# Heather Moffet FlexEE reviews?



## Saranda (Apr 14, 2011)

Still on my saddle hunt and currently looking into Heather Moffett FlexEE GP saddle. Has anyone ridden in this saddle and what are your thoughts? What is the longevity of these saddles, can you ride them without special pads on a rather active work regimen, and can you jump in them? The concept of a leather tree seems nice, yet again, not sure how it deals with pressure distribution on longer/harder rides!


----------



## SouthernTrails (Dec 19, 2008)

.

There is 1 review for the AP on this page All Purpose Saddles

There are 9 reviews of a Dressage version Dressage Saddles

Hope that helps a little .....

.


----------



## Saranda (Apr 14, 2011)

Thanks, but unfortunately these reviews deal with a different style of how these saddles are built and treed. I'm interested specifically in the FlexEE kind.


----------



## Clava (Nov 9, 2010)

Saranda said:


> Thanks, but unfortunately these reviews deal with a different style of how these saddles are built and treed. I'm interested specifically in the FlexEE kind.

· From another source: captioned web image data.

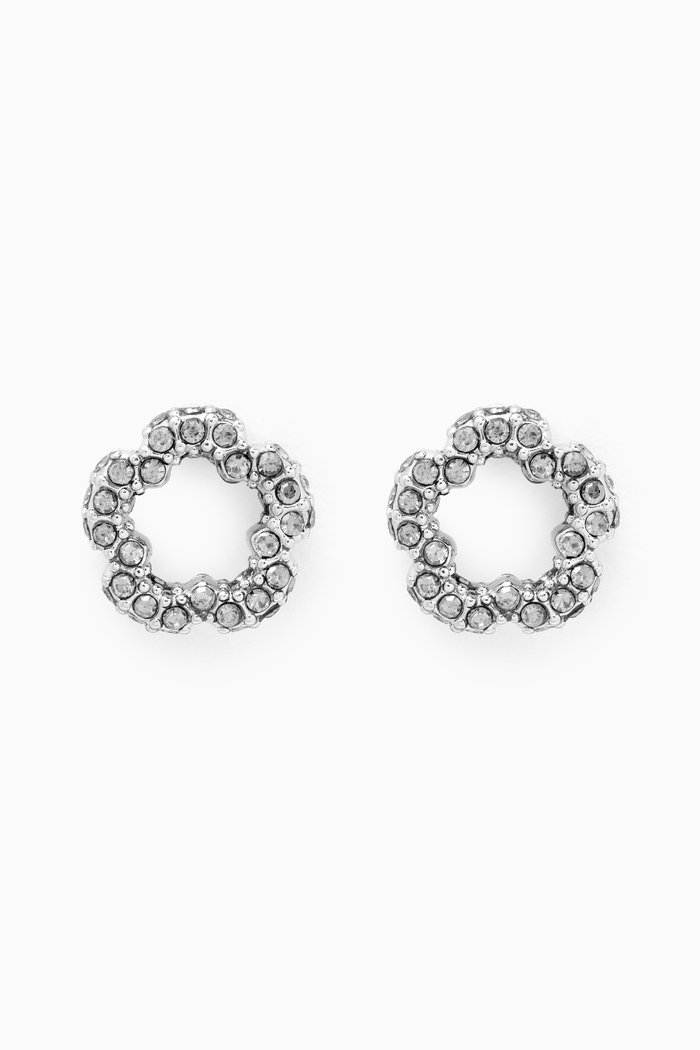 

Signature Pave Tea Rose Stud Earrings in Metal, Silver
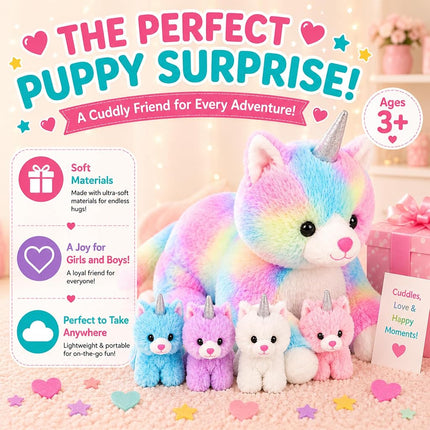 PixieCrush Snugababies Unicorn Kitty Cat Stuffed Animals for Girls Ages 3 4 5 6 7 8 Years; Stuffed Mommy Unicorn Kitty Cat with 4 Baby Unicorns in her Tummy; Toy Unicorn Pillows for Girls
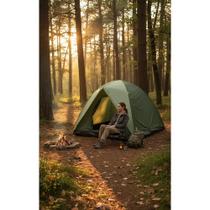 Barraca Camping 7 Pessoas Alta Impermeável 1,85M Verde/Creme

Doesn't the FlexEE have a leather part tree?

Having seen some of the maker's comments on other forums and knowing her poor customer relations I personally wouldn't buy her saddles. I can pm you about it if you like but it wasn't concerning a FlexEE so probably not relevant.


----------



## Saranda (Apr 14, 2011)

With additional research done, I've understood that the HM range isn't for me, nor for my horse. Thanks, all!


----------